**Exercise goal**
What are the lines, word for word, from the line with "大道不孤众行致远什么意思" up to and including the line with "A word writing" in the records below? Omit the pictures.

Caption-style text data
##############################
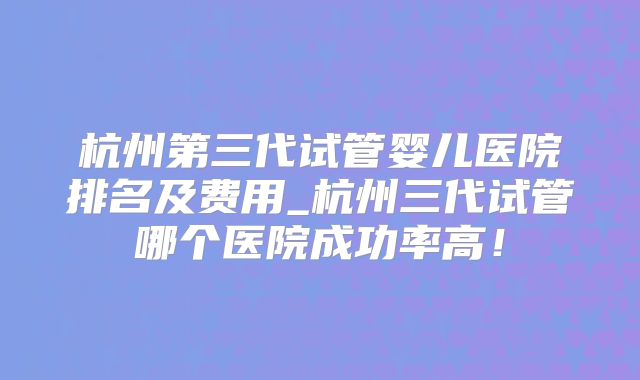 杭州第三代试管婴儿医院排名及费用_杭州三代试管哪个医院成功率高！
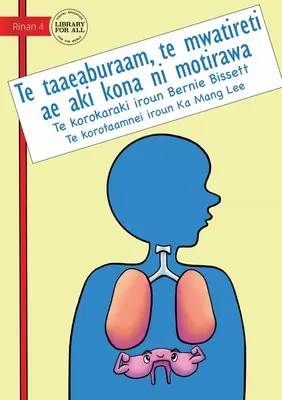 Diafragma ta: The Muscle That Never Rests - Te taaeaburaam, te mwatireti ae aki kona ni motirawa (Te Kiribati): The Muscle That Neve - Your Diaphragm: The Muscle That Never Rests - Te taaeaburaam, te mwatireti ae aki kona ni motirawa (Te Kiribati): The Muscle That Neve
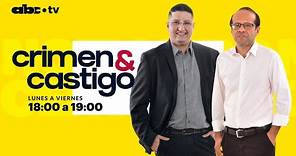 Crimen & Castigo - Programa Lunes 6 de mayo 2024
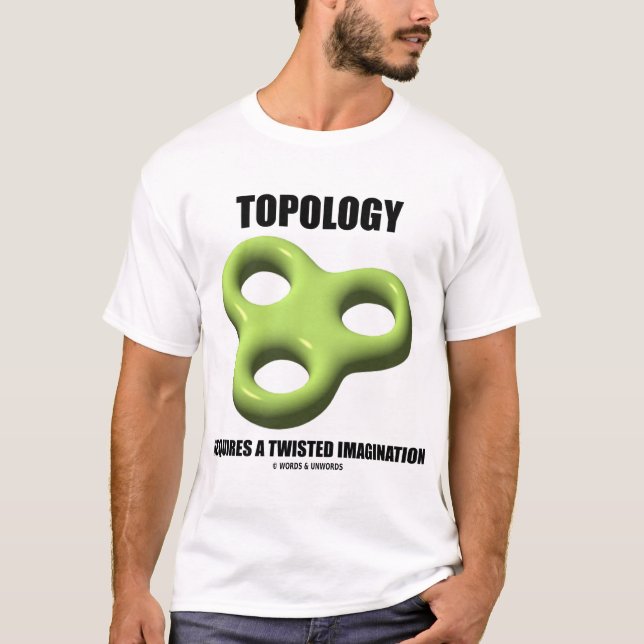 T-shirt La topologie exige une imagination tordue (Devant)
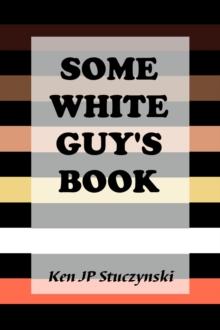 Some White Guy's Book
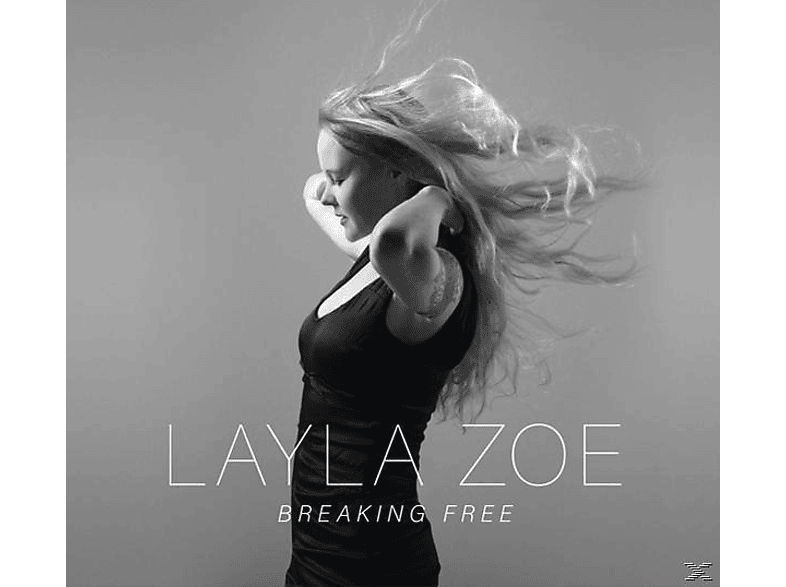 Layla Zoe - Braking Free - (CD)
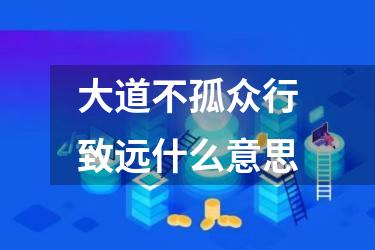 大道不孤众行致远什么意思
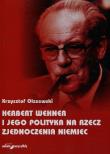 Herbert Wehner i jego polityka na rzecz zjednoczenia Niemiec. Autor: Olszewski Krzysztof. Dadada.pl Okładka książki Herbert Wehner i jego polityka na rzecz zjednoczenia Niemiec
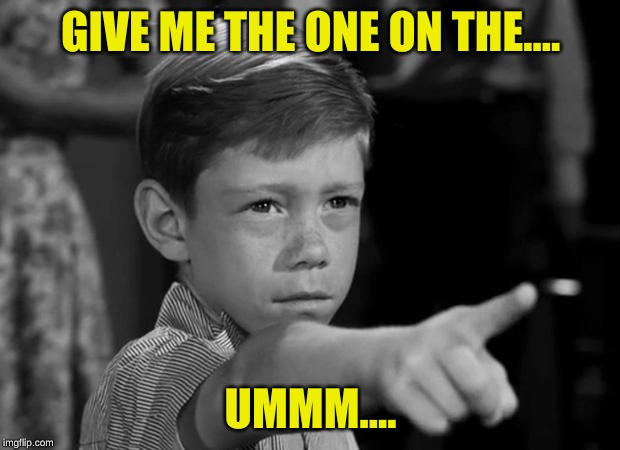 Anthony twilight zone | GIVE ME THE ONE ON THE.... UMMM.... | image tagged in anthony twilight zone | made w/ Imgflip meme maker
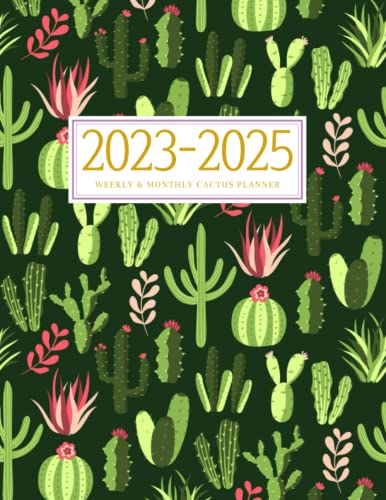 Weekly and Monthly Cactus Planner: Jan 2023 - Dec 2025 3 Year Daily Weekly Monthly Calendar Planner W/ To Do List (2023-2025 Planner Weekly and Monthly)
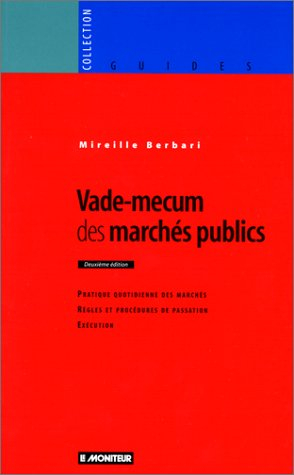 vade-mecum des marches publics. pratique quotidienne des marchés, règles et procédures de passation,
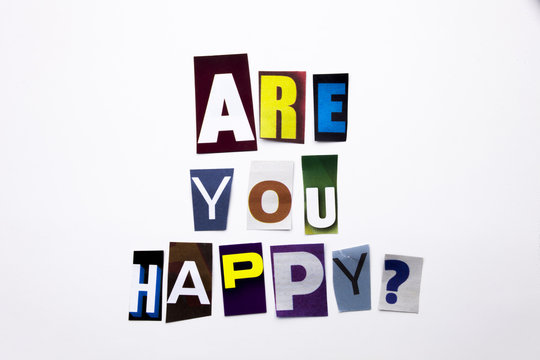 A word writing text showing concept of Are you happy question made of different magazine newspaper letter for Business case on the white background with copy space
##############################
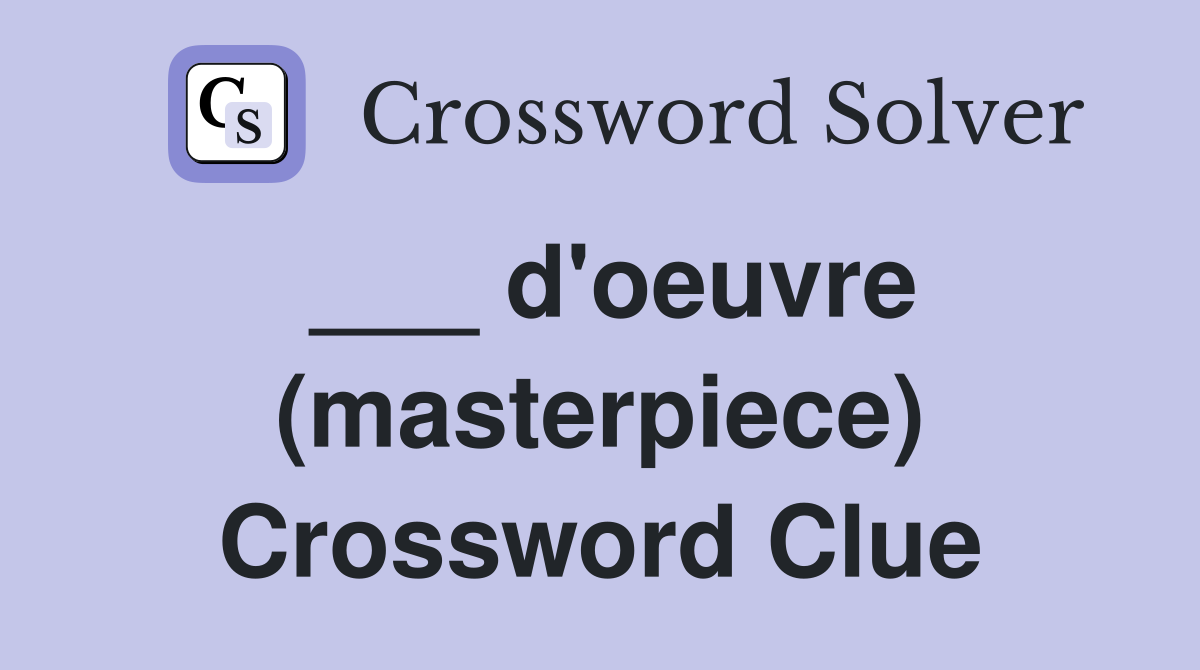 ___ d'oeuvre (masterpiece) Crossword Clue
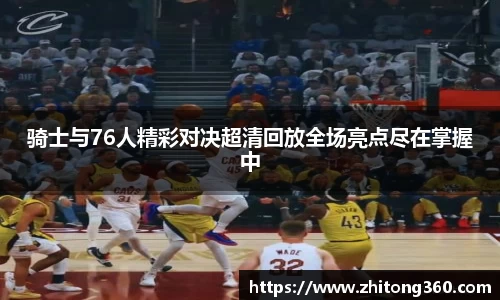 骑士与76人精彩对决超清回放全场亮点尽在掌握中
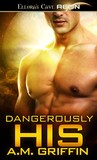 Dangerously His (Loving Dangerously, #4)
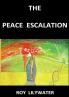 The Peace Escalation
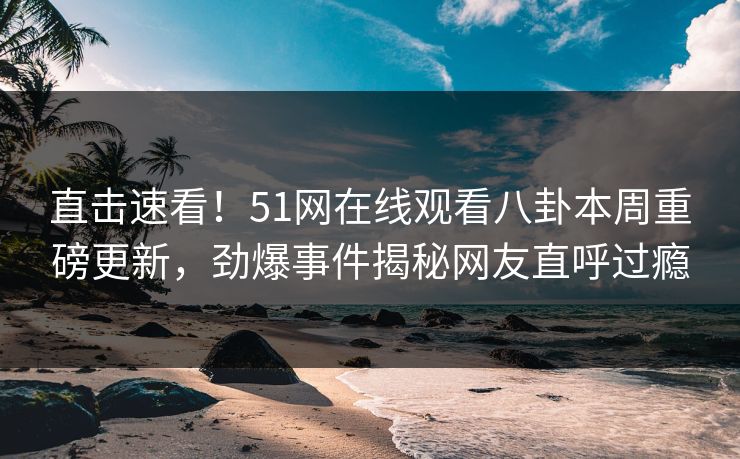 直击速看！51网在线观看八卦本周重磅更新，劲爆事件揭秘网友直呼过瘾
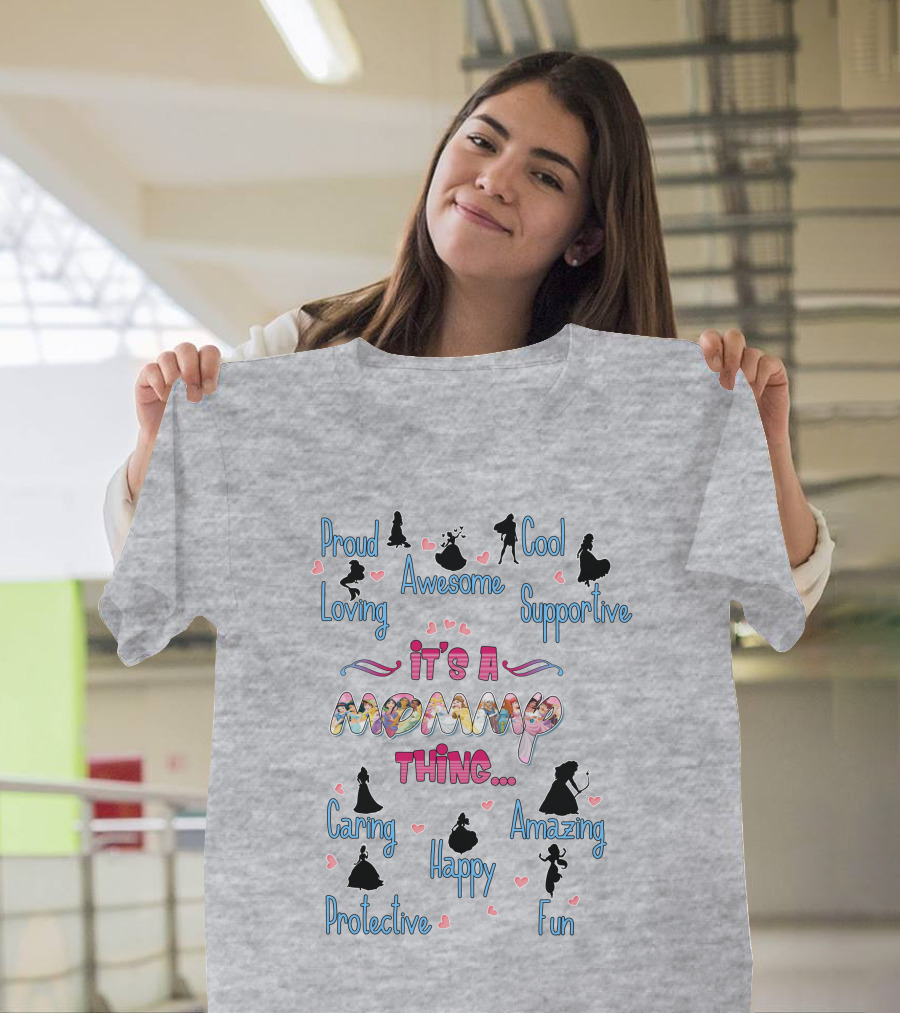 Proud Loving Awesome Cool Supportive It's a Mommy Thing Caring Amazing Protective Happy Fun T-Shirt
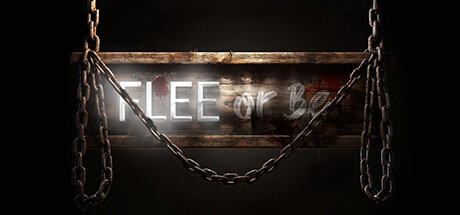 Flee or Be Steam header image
##############################
**The answer**
 大道不孤众行致远什么意思
 Herbert Wehner i jego polityka na rzecz zjednoczenia Niemiec. Autor: Olszewski Krzysztof. Dadada.pl Okładka książki Herbert Wehner i jego polityka na rzecz zjednoczenia Niemiec
 Anthony twilight zone | GIVE ME THE ONE ON THE.... UMMM.... | image tagged in anthony twilight zone | made w/ Imgflip meme maker
 Weekly and Monthly Cactus Planner: Jan 2023 - Dec 2025 3 Year Daily Weekly Monthly Calendar Planner W/ To Do List (2023-2025 Planner Weekly and Monthly)
 vade-mecum des marches publics. pratique quotidienne des marchés, règles et procédures de passation,
 A word writing text showing concept of Are you happy question made of different magazine newspaper letter for Business case on the white background with copy space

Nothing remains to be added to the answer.